L’Unione Europea, che ad oggi è tra le entità politiche più all’avanguardia nel mondo per le politiche e le norme sul clima e sulla biodiversità, si è recentemente dotata di uno strumento legislativo che, insieme ad altri emanati nel corso degli ultimi decenni ai fini della conservazione del mondo naturale, dovrebbe consentirle di raggiungere, su scala regionale, gli obiettivi – condivisi a livello globale – di arrestare e invertire il declino della natura nell’Unione, di contribuire alla mitigazione e all’adattamento al cambiamento climatico e di ridurre le pressioni sulla biodiversità globale.
Lo strumento legislativo in questione è la Nature Restoration Law, la legge sul ripristino della natura, approvata – a sorpresa – dal Consiglio Europeo a giugno 2024, dopo anni di limature del testo e di tentennamenti da parte dei Paesi membri e della stessa Commissione.
Non sarà sfuggito agli occhi del lettore che in entrambi questi documenti trova una posizione centrale il concetto di ripristino degli ecosistemi (ecosystem restoration, nel gergo scientifico internazionale), un concetto sempre più diffuso ma ancora sfuggente.
Come viene definito nel Global Biodiversity Framework, il concetto di ripristino “si riferisce al processo di gestire attivamente il recupero di un ecosistema che è stato degradato, danneggiato o distrutto”. Tra i principali scopi delle attività di restoration vi sono quello di riportare un ecosistema ad uno stato di integrità della sua struttura, composizione e diversità simile a quello precedente alla degradazione, o quello di aumentare le funzioni e i servizi ecosistemici in un ambiente trasformato.
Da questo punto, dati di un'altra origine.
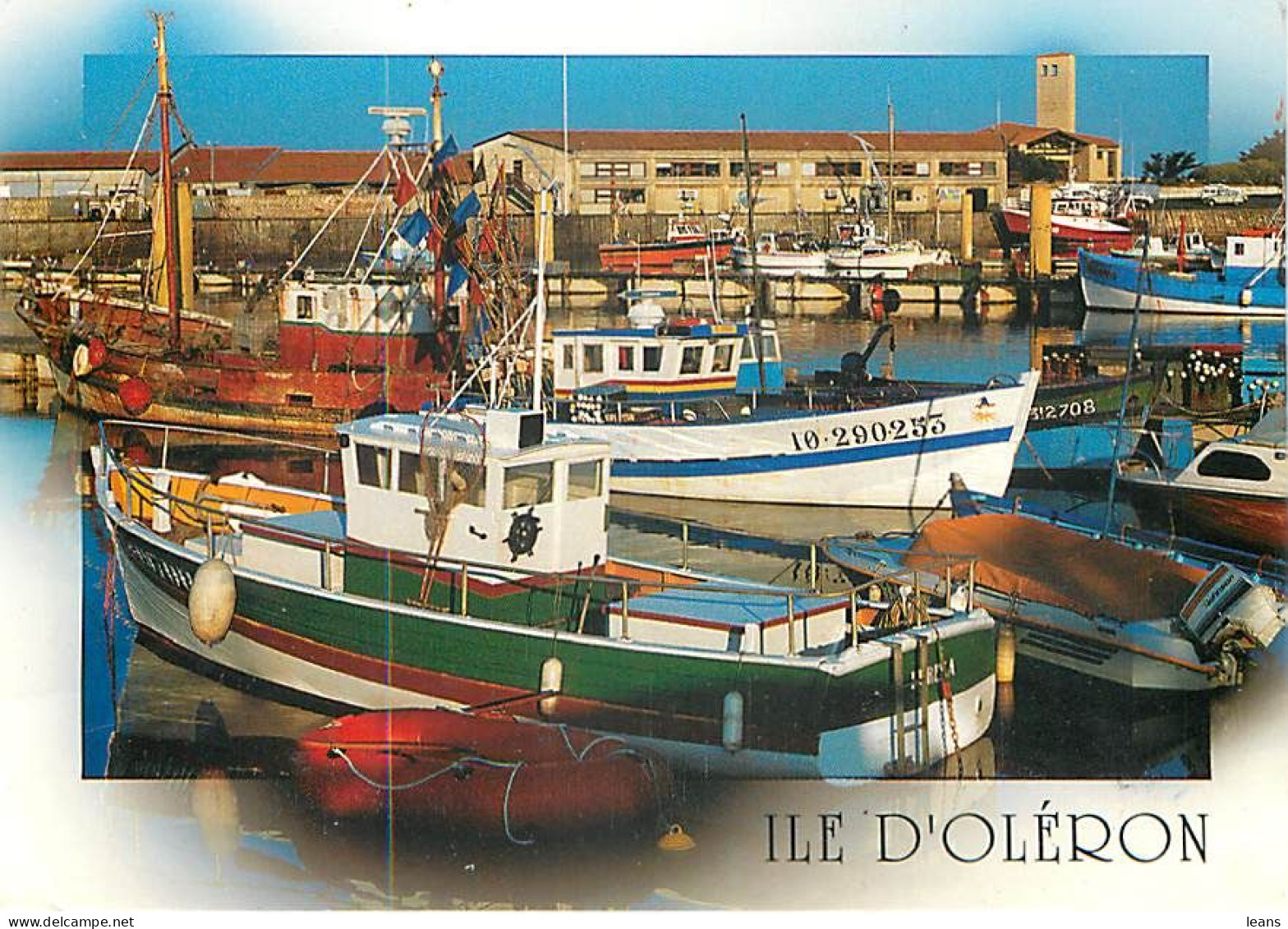 ILE D'OLERON   - LOT DE 110 CARTES POSTALES SEMI-MODERNES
Ma quali sono gli interventi concreti che possono essere effettivamente considerati azioni di ripristino di un ecosistema, e a quali tipi di ecosistema si applicano?
Innanzitutto, ogni tipo di ecosistema può essere oggetto di ripristino ecologico: le cause di degrado, danno o distruzione sono molte e diverse (solitamente, di origine antropica), così come le soluzioni possibili per arrestare e invertire il processo di degradazione.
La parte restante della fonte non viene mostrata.